Are we in a culture crisis because people prefer to spend money towards an unhealthy lifestyle than taking care of their health? Is there an attitude that I have do whatever I want and if I get sick the health system will still take care of me? Read this letter by Starner Jones, MD and you decide what to think. Should we take care of those whose vices will lead to diseases and health problems? Should those be “forced” to have more personal health reform? Difficult questions, but you know some of my answers if you read my earlier posts. Read this letter and decide what you think…
“During my last night’s shift in the ER, I had the pleasure of evaluating a patient with an expensive shiny gold tooth, multiple elaborate expensive tattoos, a very expensive brand of tennis shoes and a new cellular telephone equipped with her favorite R&B tune for a ringtone. Glancing over the chart, one could not help noticing her payer status: Medicaid. She smokes more than one costly pack of cigarettes every day and, somehow, still has money to buy beer.
And our Congress expects me to pay for this woman’s health care? Our nation’s health care crisis is not a shortage of quality hospitals, doctors or nurses. It is a crisis of culture, a culture in which it is perfectly acceptable to spend money on vices while refusing to take care of one’s self or, heaven forbid, purchase health insurance. A culture that thinks “I can do whatever I want to because someone else will always take care of me”. Life is really not that hard. Most of us reap what we sow. Don’t you agree?
STARNER JONES, MD
Jackson , MS (letter published in the Mississippi Clarion, August 2009)
So, what do you think? Do you agree with this doctor that he doesn’t want his taxes to pay for this woman’s lifestyle risks? I could say to him, “bravo for speaking your mind, but I do find it surprising that you are so judgemental with some of your patients.” I wonder how this doctor treats morbidly obese patients too…is he one of the doctors that has bias against overweight people? (see my post on weight bias by medical professionals) Saying that, I will admit that you bring up one valid point I do agree with, which is we need to have more personal health reform because yes, too many people feel that “I can do whatever I want to because someone will always take care of me.” For me, personal health reform with more preventive programs that educate and push people to take more responsibility in their health.

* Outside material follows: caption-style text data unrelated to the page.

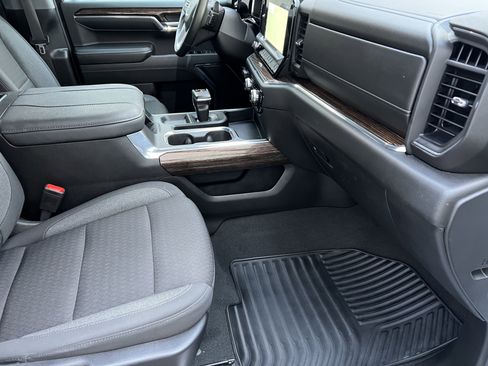 Used 2024 GMC Sierra 1500 Elevation image 21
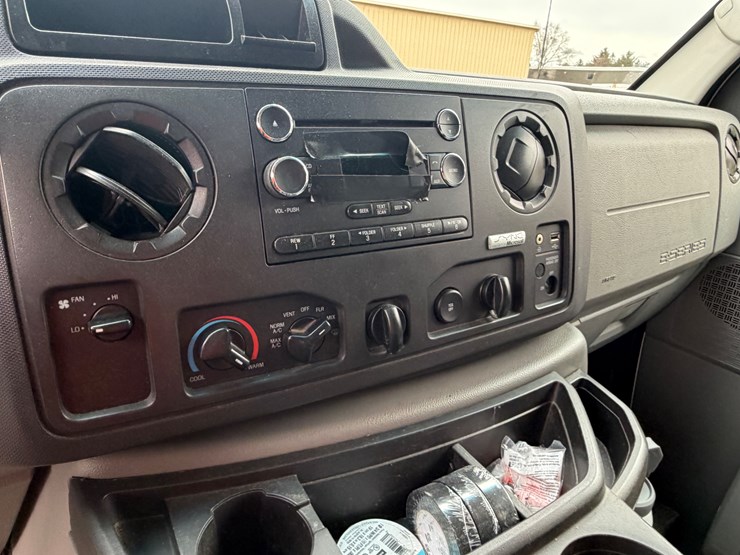 #1020-•-2014-ford-econoline-service-van-(eau-claire,-wi)-(has-wi-title)-image-38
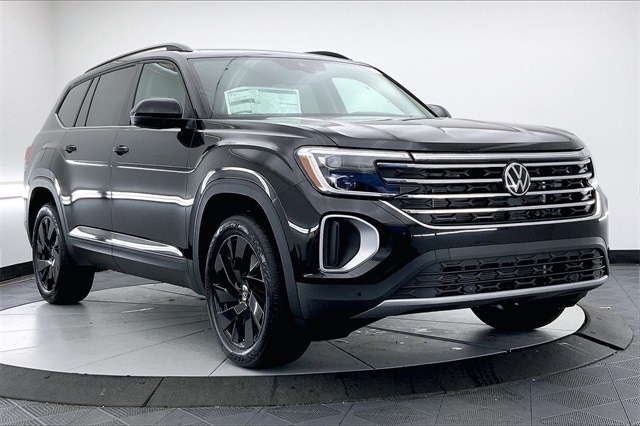 2026 Volkswagen Atlas SE w/Tech's photo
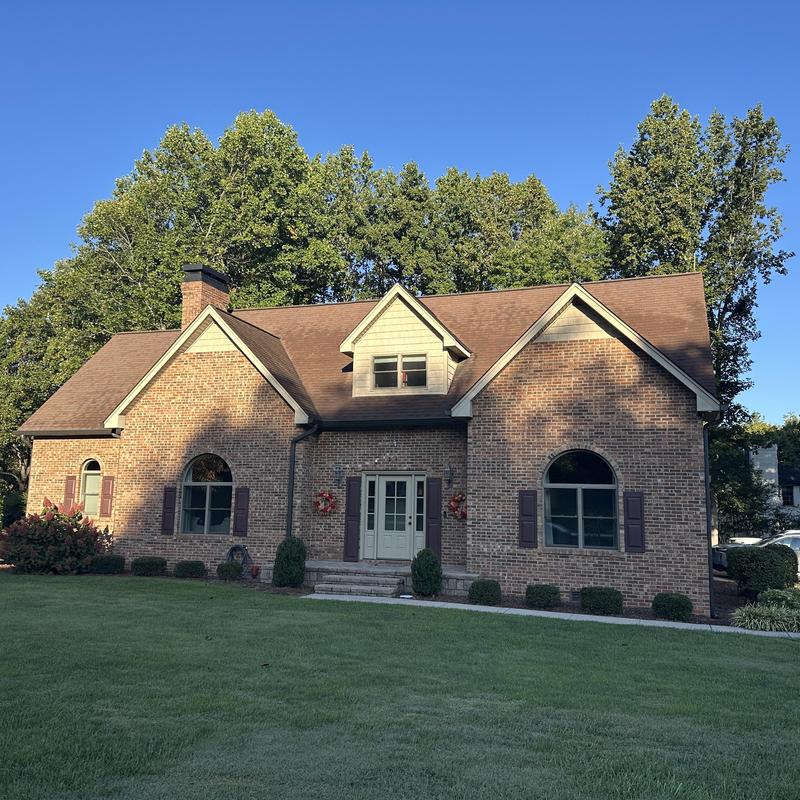 50-year shingle roofing on brick home in Blountville TN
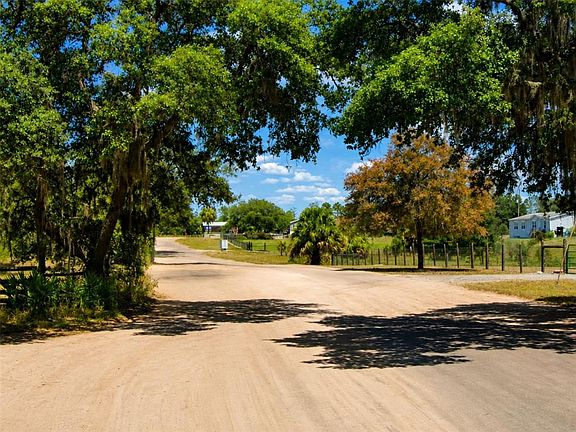 5th image of LAKE ANDREA RD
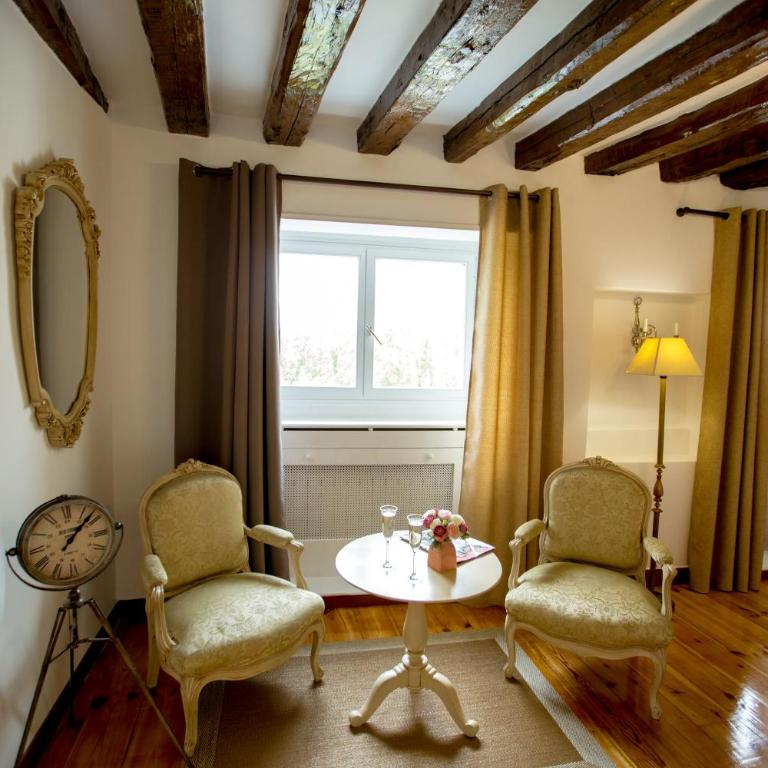 Oriente Palace Apartments - Double Room with View - 4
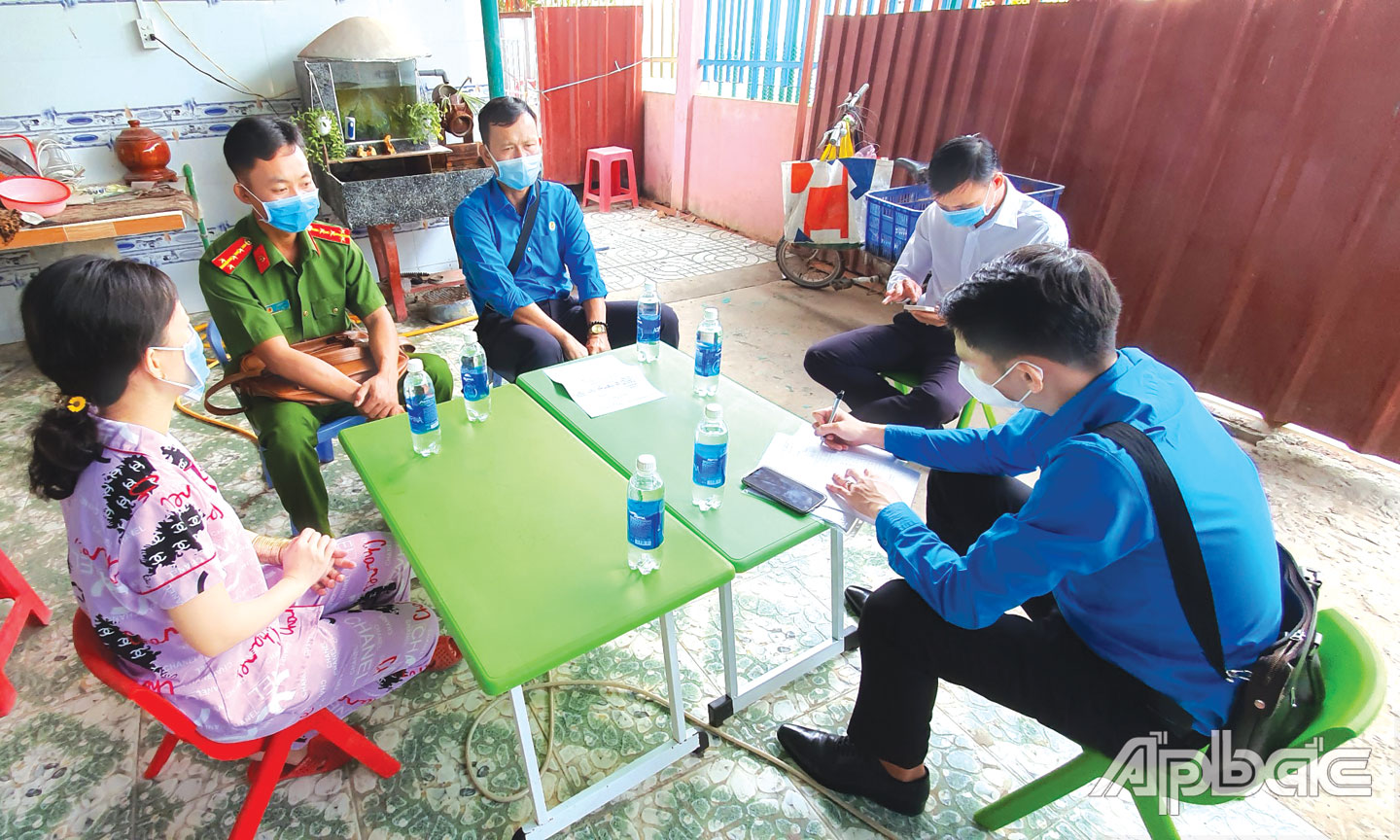 LĐLĐ tỉnh, Công đoàn các Khu công nghiệp tỉnh tổ chức đoàn đến các khu nhà trọ tuyên truyền công tác phòng, chống dịch Covid-19 và vận động miễn, giảm tiền thuê trọ cho công nhân, lao động.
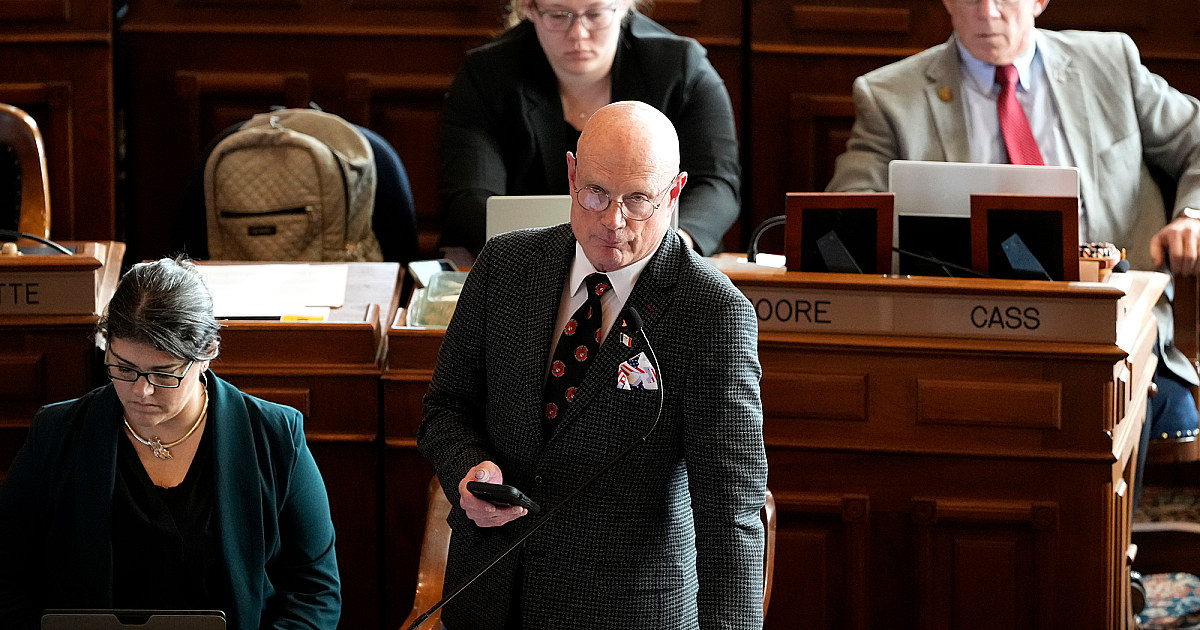 Iowa Засаг дарга нь жендэрийн үзэл сурталыг хослуулах шинэ хууль шинж тэмдэг гаргадаг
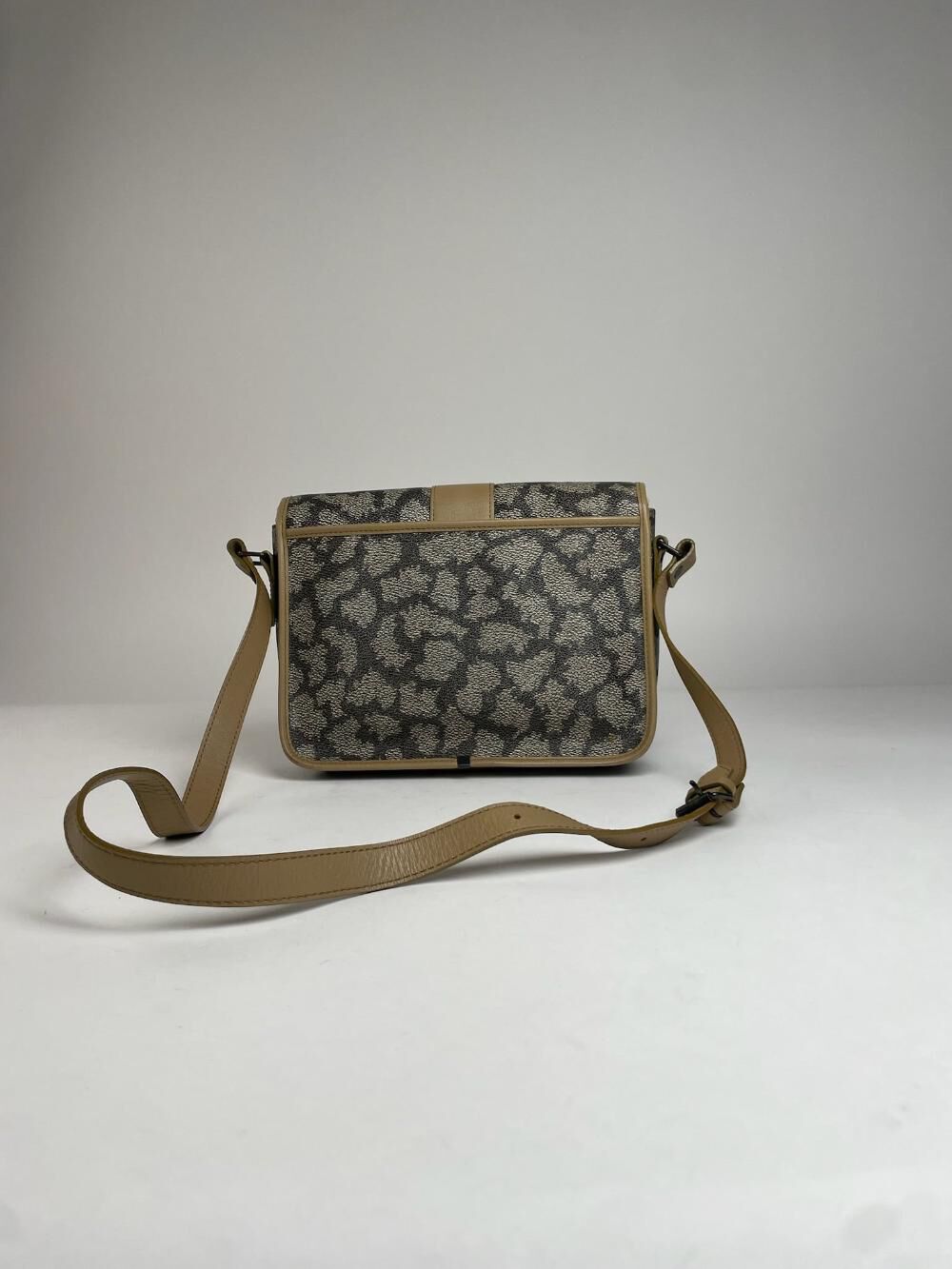 Yves Saint Laurent Shoulder Bag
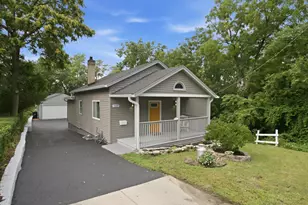 303 Dwight St, Elgin, IL 60120 - Photo 3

This mentality, that you will always be taken of despite poor lifestyle habits is expensive and just wrong. We do need to take personal care of our health, not so much for the costs (which are exorbitant), but what about for our own self-esteem, our own family and friends that love us? We are in a culture crisis with our personal health! Those who do not take care of themselves…do you think that your personal health affects only you? No, it affects everyone in your entourage, your circle…when you are sick, everyone hurts. And, it is often very difficult to change lifestyle habits as we grow older, which is why we need to educate parents and caregivers on raising children to live healthy.
Dr. Jones, do we have to be so greedy and individualistic? You are a doctor, well-educated, highly prestigious field. Lucky you! Close your eyes to the tattoos, cellphones , shoes…remember that those who aren’t as lucky as you may need to show their personalities in other ways, sometimes through “flashy” items. How can you be so judgmental? As medical professionals we cannot put ourselves in that other persons shoes. We have to have an open mind…saying that we also need to push our patients to take an active role in their personal health reform at whatever level and changes they are capable of, knowing that in the end…it is up to them.